Console heck.

For the record, I hate writing console applications. There’s just only so much magic you can pull without a UI to interact with. But, sometimes, there’s no alternative. Take this problem set:

Basically this is a software key provisioning process, where a central server acts as a key repository – holding a pool of allocated keys. There could be 20 or more provisioning stations that need to pull down these keys, one at a time, and assign it to a serial number – add a hash code, and pass it back to the central database for more processing. Above, we have a “user” running this console application – but since it will be hands-free, writing this as an ETL package (on the server side of things, to handle license requests and keep track of assigned serial numbers) for the server side, and pairing it up with a simple console application that can get kicked off command-line on the individual stations made sense.

The actual implementation console-side was relatively easy – so much so I won’t put it here. The console app calls a sproc to receive a datatable and passes it out as an XML file; it’s then decorated with some attributes (updating the process state and adding a hash), and then it’s picked up again and the record is updated back to the database. Pretty beaten down ground there.
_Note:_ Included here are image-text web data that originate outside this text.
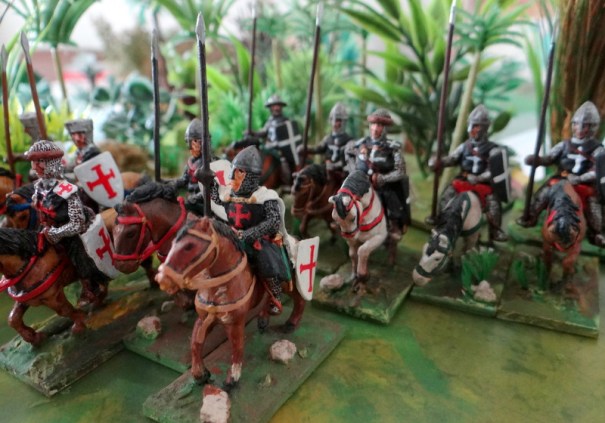 Les sergents associés aux grands ordres. Templiers devant, Hospitaliers derrière. Figurines Touller et Essex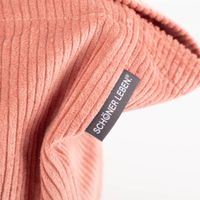 92297-Tasche-Shopper-Cord-aus-Baumwolle-peach-von-SCHoeNER-LEBEN--IMG-8628.jpg Peachfarbener Cord-Shopper aus Baumwolle, präsentiert mit breiten Henkeln als stylische, geräumige Tasche von SCHÖNER LEBEN - Musternahaufnahme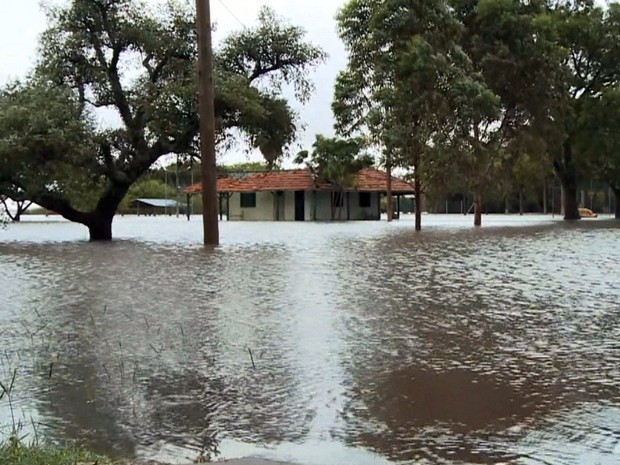 GNews - Mais de 1,1 mil famílias vão passar o Natal fora de casa no RS por causa das enchentes (Foto: GloboNews)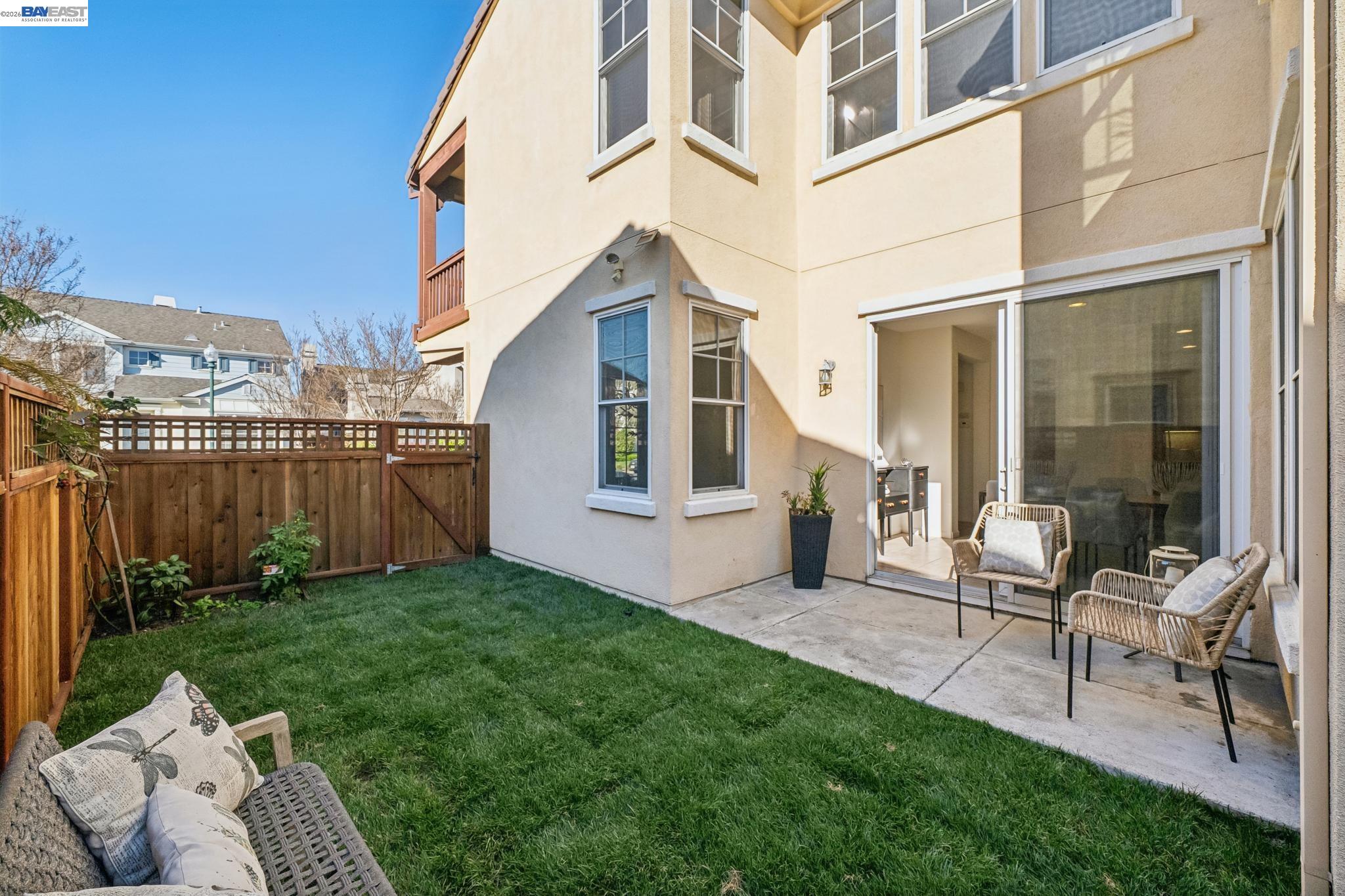 Detail Gallery Image 51 of 56 For 220 Hollister Avenue, Alameda,  CA 94501 - 3 Beds | 3 Baths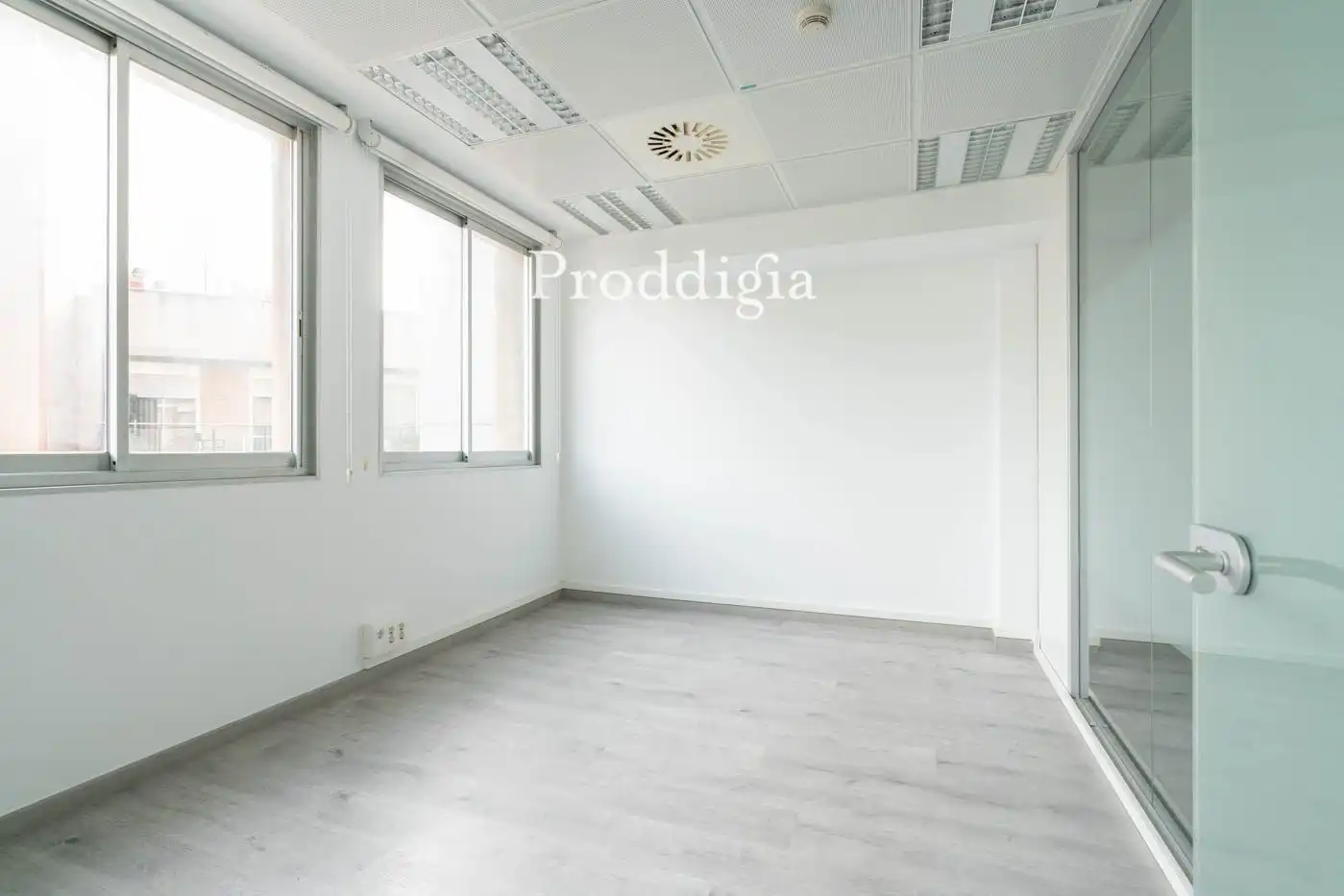Büro zur Miete in Barcelona mit Klimaanlage, Heizung und Alarm
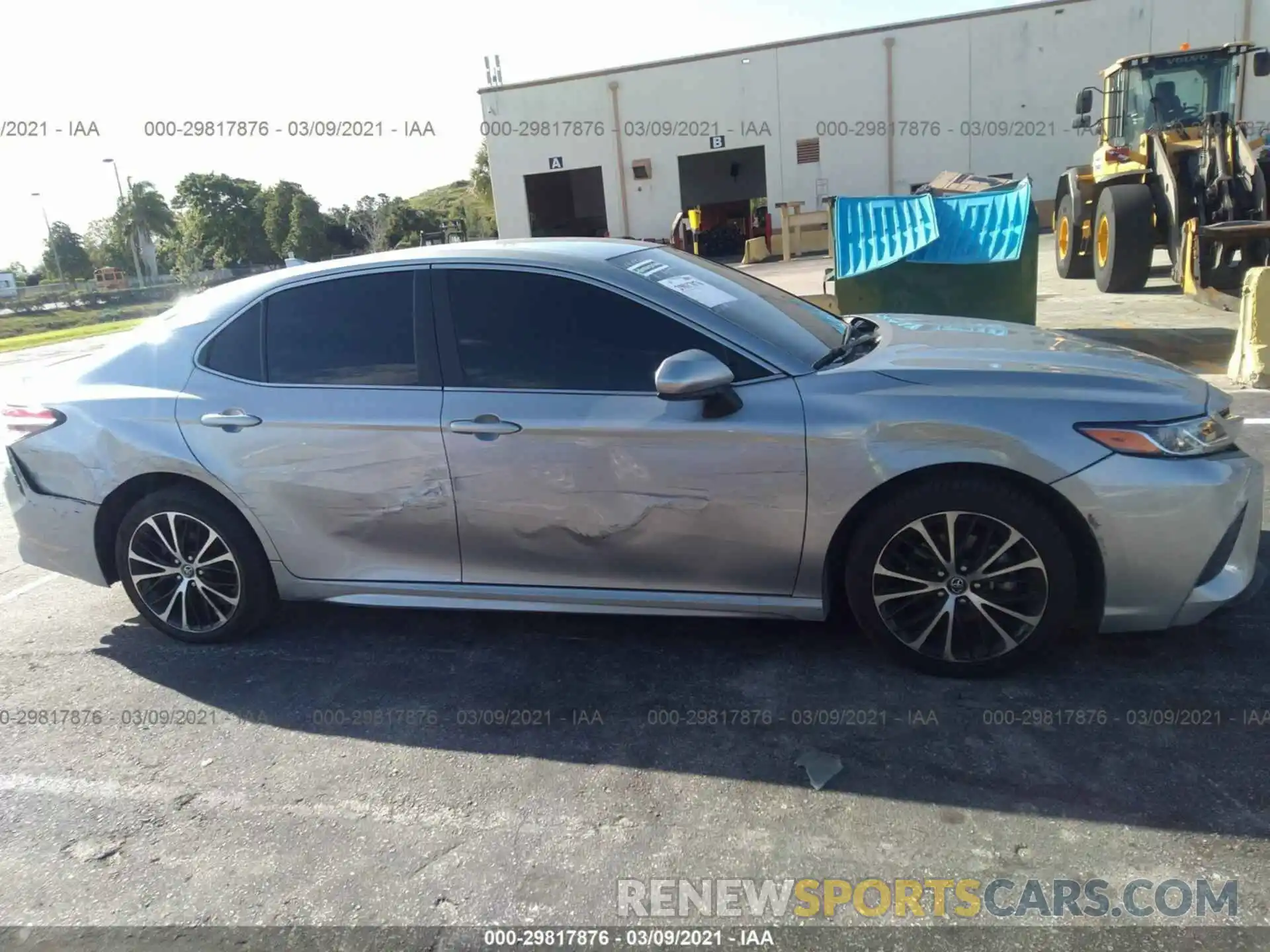 6 Photograph of a damaged car 4T1G11AK4LU887466 TOYOTA CAMRY 2020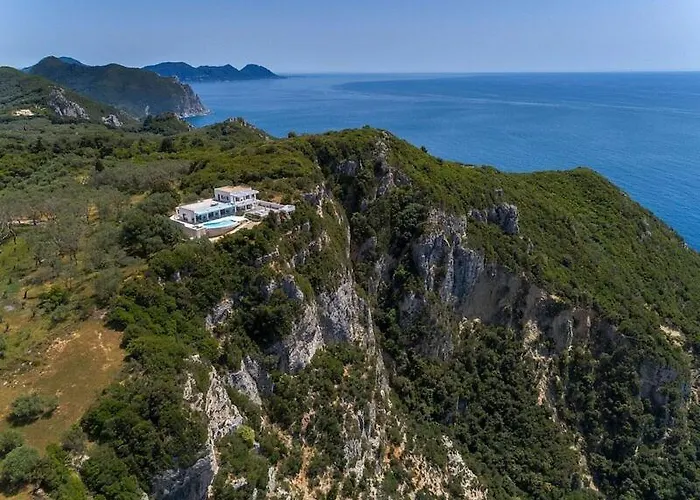 Clifftop Vilă
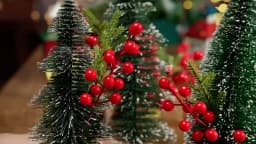 10Pcs Christmas Decoration Artificial Pine Branches Holly Berries Red Berry Branches for Christmas Tree Wreath Gifts Decoration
The codeset and SQL is here (except the SSIS) – FFKI

However, the Output SSIS package was funky. Following the steps in this post, I added a data flow to output to an ADO.NET recordset, and then added a ForEach loop against that source.

I originally was going to do a database call within the for/each loop – but that seemed wasteful. I mean, the data is RIGHT THERE. Why are we calling the database twice – once accessing the records in table form to form a recordset, and a second time to form XML and output to a file? So, shudder, I used a cursor.

Tough to say this, but the cursor is actually very performant and works fine as the source for a ADO.NET recordset. This can then be set in a variable called @SerialNumber and @OutputXML in a ForEach loop – and that’s what our script works against. Plain and simple, it accepts it – and writes it out to a file. Easy peasy. We could have updated it as a set but I didn’t want dirty records (in case some were inserted or updated to 1 mid-process) – so that’s done as part of the loop individually. (Another solution is to have yet another ToUpdate status of 2 being mid-process and 3 being done.)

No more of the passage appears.